Libertad 1628
Me preguntaba a mí misma, si luego de los sucesos de mayo del ’68 había tenido dificultades para continuar con mi obra, y debo responder que sí las tuve. Tuve un problema ético: ¿qué sentido tenía expresarme con el minimalismo frente al momento de profundas revueltas que estaba viviendo el mundo y el hambre y la miseria imperantes en nuestro país?”
Con raíces en la escultura minimalista, la obra de Margarita Paksa (Buenos Aires, 1932) es consciente del espacio: está organizada en torno a la experiencia de un espectador, investiga no sólo la relación entre el objeto y la percepción, sino también los procesos por los cuales se codifica el significado abstracto de forma concreta. Su interés por el lenguaje, comenzando en 1966, profundizó esta exploración sobre cómo se produce y abstrae el significado a través del texto. Trabajando en series, Paksa desarrolló métodos que a veces eran precisos y a veces oblicuos. Sin embargo, comparten un compromiso crítico, demostrando a través del análisis cuidadoso de texto y tipografía que el lenguaje, como abstracción, no es neutral ni del todo transparente.
Como atestiguan sus Escrituras secretas, hacia 1976 la codificación de mensajes se había convertido no sólo en un problema semiótico, sino también político. Trazados a lo largo de retículas de perillas o ruedas pintadas, sus textos son apenas perceptibles. Sólo se vuelven legibles al distinguir el campo sólido de las perillas del fondo de las
líneas formadas alrededor o sobre la superficie, exponiendo la interacción entre el espacio y la forma de la abstracción geométrica. Los colores puros espectrales y los materiales industriales no conforman frases de protesta. Son una sensación de exasperación, de resignación ante la negación silenciosa de una cultura opresora del “no.”1 Visibilizando la distorsión de las palabras de sus significados originales, los textos de Paksa son notas para ella misma. Son sentimientos subjetivos pero insertados sutilmente en una supuesta “realidad absoluta” de la retícula formalista.

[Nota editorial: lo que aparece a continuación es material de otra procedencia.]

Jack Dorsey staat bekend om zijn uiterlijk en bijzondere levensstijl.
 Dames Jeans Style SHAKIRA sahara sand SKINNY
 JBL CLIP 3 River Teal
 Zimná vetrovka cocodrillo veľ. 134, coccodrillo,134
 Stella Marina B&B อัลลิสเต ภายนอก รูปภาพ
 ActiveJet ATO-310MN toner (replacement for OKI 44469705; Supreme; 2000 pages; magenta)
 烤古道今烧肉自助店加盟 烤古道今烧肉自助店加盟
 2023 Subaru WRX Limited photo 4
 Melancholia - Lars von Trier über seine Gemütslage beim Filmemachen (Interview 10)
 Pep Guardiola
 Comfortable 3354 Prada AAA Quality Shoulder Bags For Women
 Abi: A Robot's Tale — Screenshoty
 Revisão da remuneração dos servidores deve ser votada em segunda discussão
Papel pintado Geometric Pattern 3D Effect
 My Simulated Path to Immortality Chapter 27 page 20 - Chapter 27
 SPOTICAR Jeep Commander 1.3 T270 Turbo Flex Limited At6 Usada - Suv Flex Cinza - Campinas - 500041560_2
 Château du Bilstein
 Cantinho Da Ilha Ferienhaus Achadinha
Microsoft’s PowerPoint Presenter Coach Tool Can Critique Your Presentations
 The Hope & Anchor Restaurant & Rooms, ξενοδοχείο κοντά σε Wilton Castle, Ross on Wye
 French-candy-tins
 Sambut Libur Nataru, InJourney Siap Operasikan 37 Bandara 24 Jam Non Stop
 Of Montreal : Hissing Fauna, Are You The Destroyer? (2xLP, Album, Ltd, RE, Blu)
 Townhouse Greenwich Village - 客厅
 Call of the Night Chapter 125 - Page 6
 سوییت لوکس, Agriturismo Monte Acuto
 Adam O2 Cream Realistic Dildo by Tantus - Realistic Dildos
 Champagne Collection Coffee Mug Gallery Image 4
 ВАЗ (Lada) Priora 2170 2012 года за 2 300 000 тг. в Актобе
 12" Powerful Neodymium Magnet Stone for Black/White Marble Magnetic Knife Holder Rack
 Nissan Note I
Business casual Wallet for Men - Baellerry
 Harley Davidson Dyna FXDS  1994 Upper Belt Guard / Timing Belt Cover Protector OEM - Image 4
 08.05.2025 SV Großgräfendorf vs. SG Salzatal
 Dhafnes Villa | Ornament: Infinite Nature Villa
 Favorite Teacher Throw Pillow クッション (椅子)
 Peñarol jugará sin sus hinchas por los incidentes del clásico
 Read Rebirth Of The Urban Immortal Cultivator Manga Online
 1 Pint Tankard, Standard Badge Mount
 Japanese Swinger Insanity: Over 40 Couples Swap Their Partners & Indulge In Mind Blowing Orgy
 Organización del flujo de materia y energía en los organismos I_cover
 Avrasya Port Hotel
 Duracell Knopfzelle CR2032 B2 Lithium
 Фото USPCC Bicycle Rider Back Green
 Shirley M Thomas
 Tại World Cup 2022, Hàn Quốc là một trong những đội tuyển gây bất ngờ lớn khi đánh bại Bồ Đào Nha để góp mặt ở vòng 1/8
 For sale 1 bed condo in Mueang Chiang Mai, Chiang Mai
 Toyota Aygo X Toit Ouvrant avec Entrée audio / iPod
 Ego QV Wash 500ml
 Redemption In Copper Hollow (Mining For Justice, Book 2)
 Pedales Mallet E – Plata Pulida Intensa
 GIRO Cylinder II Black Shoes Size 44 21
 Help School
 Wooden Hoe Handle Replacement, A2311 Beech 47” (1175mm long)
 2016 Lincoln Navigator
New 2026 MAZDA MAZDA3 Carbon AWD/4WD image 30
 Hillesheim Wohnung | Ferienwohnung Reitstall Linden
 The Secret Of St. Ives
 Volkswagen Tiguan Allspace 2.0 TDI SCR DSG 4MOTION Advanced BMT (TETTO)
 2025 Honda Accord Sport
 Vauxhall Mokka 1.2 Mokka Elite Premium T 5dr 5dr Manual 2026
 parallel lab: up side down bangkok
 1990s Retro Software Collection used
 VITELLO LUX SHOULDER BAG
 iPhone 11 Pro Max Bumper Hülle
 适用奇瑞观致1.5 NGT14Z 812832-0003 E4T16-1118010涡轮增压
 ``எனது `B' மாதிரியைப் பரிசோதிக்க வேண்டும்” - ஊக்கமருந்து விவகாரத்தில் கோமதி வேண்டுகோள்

Ojos ciegos, una serie del año siguiente, se basa nuevamente en la estructura – esta vez la cuadrícula constructivista y el alfabeto simbólico de Joaquín Torres García – para organizar un vocabulario de elementos intercambiables: caras enojadas y angustiadas, puños cerrados y manos extendidas, pechos dislocados, televisores, cepillos de dientes, semáforos y ojivas fálicas. Cada uno de estos elementos funciona como un objeto sutil y discreto. Están dispuestos en la página como palabras en una oración, como parte de una enunciación fragmentada y yuxtapuesta. Se trata de una visión más terrible que la suma de sus partes cotidianas.